Day 53 A-1450 D-2241 August 23

On this morning I had one decision to make in my route. I had intended to hike the Mammoth Crest on my way back South later but now I was here. I could take it and down to Mammoth Lakes or just take Duck Pass out. I had never hiked either but the notion of food won my decision as I knew if I take Duck Pass that I could make it out by lunch so I set out and made quick work getting up to Duck Lake and then up to Duck Pass. The hike down proved slow though as I got caught up in talking to so many people who just couldn't believe what I was doing. Someone had told me the shuttle is at the end of the campground but as I hit the road I could see no signs of it. I decided to head West on the road because it seemed closer to walk to anything and luckily it wasn't very far to the trolley pickup. So after riding it around I got lunch and went back to the Sierra Nevada Lodge which I had stayed at the year before. It had only been 3 days back on trail from VVR but I decided to stick with the luxury rest of Mammoth like I had done last year.

Day 54 Layover August 24

Another simple day as I rounded up supplies and did some book shopping. This next section of my hike would be the heaviest in book loads as I still had Roper's Sierra High Route book and now I picked up The Last Season and Norman Clydes Close Ups of the High Sierra.

Day 55 August 25

Like the year before I had to decide exactly how I was going to leave Mammoth and I decided on the same plan as before and that was to just ride the bus to Reds Meadow and do some day hikes before heading out the following day. Now about 550 bucks lighter I found myself back at the bottom. I decided to save 20 dollars and to do some dispersed camping. I set up camp near the pack station and had some lunch then set out to see some typical sights. I went down to Rainbow Falls which was very crowded. I had a fun time watching all these young kids ford the river most of the them bare foot and on more than one occasion nearly be taken out. I then did a quick trip to the Devil's Postpile and spent some time talking to the Rangers before it was back to camp for the night.

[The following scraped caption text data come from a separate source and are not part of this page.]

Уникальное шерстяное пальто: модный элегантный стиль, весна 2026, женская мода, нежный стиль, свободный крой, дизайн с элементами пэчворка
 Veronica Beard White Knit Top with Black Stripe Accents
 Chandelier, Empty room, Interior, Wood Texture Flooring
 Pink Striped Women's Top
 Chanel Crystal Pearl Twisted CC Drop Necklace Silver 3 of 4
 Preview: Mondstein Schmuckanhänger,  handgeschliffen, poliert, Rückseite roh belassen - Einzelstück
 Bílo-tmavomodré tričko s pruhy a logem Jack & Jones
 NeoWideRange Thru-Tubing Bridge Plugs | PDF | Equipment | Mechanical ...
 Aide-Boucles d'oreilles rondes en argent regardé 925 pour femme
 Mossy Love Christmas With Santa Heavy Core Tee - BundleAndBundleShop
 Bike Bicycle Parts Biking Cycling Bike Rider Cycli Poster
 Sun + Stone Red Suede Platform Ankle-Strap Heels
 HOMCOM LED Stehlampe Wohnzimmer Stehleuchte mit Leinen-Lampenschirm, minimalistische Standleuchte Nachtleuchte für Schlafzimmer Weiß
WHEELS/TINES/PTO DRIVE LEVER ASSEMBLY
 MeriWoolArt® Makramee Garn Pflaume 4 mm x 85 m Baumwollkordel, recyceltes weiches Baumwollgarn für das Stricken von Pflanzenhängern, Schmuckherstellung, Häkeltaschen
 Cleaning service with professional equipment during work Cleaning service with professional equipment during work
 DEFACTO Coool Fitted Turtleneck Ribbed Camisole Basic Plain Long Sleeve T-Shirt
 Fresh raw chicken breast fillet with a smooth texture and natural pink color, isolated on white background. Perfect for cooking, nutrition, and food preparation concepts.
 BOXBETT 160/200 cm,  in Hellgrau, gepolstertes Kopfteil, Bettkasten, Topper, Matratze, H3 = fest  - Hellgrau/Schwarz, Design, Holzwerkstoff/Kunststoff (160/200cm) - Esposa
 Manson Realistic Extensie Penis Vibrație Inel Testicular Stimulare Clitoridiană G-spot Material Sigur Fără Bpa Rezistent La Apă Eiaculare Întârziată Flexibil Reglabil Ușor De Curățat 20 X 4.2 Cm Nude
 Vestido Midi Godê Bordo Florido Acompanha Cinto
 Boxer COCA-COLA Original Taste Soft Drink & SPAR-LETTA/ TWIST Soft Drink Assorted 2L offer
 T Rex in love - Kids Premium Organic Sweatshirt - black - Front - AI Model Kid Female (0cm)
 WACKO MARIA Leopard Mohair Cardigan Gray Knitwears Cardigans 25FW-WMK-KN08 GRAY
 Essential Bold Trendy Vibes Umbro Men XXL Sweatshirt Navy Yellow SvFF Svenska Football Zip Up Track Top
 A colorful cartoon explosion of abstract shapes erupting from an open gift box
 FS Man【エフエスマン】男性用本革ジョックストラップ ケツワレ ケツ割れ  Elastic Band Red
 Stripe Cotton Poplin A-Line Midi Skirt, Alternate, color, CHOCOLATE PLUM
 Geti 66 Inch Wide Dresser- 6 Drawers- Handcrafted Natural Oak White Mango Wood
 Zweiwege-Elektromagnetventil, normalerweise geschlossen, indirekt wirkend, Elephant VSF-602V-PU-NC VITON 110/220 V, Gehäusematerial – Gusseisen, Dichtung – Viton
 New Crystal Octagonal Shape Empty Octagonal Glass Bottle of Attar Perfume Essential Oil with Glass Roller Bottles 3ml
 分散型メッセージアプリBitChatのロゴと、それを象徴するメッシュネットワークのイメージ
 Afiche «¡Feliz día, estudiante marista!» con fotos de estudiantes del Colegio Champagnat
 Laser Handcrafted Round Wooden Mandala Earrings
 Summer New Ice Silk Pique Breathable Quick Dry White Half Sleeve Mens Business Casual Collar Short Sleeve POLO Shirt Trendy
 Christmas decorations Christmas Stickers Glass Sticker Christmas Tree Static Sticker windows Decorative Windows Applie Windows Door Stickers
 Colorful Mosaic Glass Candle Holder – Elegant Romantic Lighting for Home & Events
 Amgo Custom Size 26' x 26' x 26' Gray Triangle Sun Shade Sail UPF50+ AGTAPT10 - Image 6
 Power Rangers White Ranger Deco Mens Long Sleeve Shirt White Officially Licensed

Day 56 A-2358 D-500 R-T August 26

As I waited for the bus to take me to The Devil's Post Pile I talked to three guys that were taking the same route as me from here and I would end up leap frogging a bit the next couple of days. I have to say at this point I had found myself becoming more lazy out here. It seemed like I was always taking the easiest way I could based on where I was going. This time around it was deciding to skip Nancy Pass and go straight to Minaret Lake. I don't know if it was mental or physical but the backcountry had been starting to take it's toll on me. This of course did not give me any desire to leave but only to relax more instead of hard physical toil. The hike up was completely uneventful and a bit crowded with a number of day hikers. I arrived at the lake very early and decided to so some fishing which I could not get a single bite. After chatting with a number of people including the 3 guys from Reds Meadow the the storm began to break and rain fairly heavy but it did not last for very long.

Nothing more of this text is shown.